▶ **Task to carry out**
After repeating the line containing "Les Benjamins Essential", stop; until then, repeat each line of the listing below exactly, starting with the first.
Input for this task START
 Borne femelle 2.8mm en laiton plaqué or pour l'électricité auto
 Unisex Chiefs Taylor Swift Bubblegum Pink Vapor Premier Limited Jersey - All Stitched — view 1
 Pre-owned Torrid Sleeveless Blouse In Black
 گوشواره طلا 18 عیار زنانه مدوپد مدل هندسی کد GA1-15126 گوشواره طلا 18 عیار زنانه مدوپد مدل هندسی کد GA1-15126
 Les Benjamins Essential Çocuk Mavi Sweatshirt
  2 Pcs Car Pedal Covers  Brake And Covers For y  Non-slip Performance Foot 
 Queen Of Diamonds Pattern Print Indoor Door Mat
Input for this task END
▶ **Problem solution**
 Borne femelle 2.8mm en laiton plaqué or pour l'électricité auto
 Unisex Chiefs Taylor Swift Bubblegum Pink Vapor Premier Limited Jersey - All Stitched — view 1
 Pre-owned Torrid Sleeveless Blouse In Black
 گوشواره طلا 18 عیار زنانه مدوپد مدل هندسی کد GA1-15126 گوشواره طلا 18 عیار زنانه مدوپد مدل هندسی کد GA1-15126
 Les Benjamins Essential Çocuk Mavi Sweatshirt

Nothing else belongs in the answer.